WORK INSTRUCTIONS
From the line containing "특히 온라인자동차보험 업체들이" through the last line of the data, return those lines exactly as written and nothing more.

PROVIDED INFORMATION
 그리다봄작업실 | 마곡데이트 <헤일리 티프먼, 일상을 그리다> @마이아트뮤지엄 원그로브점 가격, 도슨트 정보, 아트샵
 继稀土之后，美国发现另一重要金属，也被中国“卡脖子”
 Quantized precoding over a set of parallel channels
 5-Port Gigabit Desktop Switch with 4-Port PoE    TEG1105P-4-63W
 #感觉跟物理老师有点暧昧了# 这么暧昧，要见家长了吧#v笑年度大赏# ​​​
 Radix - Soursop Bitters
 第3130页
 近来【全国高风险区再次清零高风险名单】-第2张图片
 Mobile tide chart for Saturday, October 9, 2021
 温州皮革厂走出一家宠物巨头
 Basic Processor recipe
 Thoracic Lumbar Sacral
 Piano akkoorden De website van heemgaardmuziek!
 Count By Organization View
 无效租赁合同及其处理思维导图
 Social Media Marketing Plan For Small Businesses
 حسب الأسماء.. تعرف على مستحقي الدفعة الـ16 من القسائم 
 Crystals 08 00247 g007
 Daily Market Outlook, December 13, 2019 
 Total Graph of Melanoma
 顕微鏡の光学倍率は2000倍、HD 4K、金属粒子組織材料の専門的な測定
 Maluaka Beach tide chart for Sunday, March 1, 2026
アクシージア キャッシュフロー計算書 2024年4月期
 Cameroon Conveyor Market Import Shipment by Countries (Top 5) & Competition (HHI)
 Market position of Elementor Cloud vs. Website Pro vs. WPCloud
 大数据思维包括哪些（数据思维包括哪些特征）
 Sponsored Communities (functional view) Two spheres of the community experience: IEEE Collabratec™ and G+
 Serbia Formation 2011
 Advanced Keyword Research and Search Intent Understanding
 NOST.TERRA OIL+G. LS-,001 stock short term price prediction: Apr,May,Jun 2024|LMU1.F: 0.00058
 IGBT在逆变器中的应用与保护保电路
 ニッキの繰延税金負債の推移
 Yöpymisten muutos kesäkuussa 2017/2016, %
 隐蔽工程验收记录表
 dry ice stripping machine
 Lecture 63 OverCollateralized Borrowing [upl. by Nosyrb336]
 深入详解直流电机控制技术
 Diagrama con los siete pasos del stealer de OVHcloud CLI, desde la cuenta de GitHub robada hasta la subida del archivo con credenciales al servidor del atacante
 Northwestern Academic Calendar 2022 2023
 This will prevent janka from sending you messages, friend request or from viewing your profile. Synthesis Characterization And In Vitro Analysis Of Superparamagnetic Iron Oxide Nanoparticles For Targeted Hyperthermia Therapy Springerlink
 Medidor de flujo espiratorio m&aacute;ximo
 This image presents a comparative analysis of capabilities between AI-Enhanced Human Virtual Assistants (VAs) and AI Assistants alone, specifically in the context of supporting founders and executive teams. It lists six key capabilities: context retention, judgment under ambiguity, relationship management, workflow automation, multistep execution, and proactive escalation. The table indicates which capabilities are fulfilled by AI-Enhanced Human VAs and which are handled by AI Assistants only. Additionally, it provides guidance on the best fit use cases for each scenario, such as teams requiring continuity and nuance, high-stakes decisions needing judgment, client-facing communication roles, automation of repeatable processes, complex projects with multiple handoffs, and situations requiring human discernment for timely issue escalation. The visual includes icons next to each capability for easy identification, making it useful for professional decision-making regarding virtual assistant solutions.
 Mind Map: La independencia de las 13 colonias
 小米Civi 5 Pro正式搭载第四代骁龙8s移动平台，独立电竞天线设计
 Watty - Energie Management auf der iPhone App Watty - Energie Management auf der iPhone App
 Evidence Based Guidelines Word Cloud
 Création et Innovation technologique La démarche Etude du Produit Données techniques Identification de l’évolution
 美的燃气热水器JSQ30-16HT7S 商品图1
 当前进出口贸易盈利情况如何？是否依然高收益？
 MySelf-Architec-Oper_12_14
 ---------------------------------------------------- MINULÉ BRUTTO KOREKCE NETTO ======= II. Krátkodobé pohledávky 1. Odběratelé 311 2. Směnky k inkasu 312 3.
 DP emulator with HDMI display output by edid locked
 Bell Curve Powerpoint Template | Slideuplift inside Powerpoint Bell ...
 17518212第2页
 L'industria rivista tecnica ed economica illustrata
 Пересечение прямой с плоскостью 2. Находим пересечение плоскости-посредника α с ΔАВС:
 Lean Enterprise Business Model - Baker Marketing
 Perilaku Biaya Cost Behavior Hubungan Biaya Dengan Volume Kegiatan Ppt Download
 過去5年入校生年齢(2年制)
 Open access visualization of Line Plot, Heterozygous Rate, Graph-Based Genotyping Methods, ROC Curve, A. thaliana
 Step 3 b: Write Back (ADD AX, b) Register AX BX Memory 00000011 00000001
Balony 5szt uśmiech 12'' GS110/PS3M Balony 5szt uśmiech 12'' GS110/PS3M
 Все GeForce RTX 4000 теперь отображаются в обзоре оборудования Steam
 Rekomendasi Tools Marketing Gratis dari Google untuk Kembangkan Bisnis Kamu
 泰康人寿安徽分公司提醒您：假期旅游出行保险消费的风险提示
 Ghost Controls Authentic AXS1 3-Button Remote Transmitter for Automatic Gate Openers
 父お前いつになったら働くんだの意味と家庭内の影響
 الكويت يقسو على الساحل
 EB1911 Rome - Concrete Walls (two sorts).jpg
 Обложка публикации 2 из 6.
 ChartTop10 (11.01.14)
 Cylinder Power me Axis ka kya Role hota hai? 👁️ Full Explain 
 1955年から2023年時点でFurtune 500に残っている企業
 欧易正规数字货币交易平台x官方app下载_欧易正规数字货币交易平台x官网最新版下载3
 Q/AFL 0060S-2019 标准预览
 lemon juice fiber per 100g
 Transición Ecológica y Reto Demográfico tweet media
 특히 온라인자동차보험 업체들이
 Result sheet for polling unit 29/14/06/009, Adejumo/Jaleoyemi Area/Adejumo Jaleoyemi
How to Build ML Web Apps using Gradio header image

RESPONSE
 특히 온라인자동차보험 업체들이
 Result sheet for polling unit 29/14/06/009, Adejumo/Jaleoyemi Area/Adejumo Jaleoyemi
How to Build ML Web Apps using Gradio header image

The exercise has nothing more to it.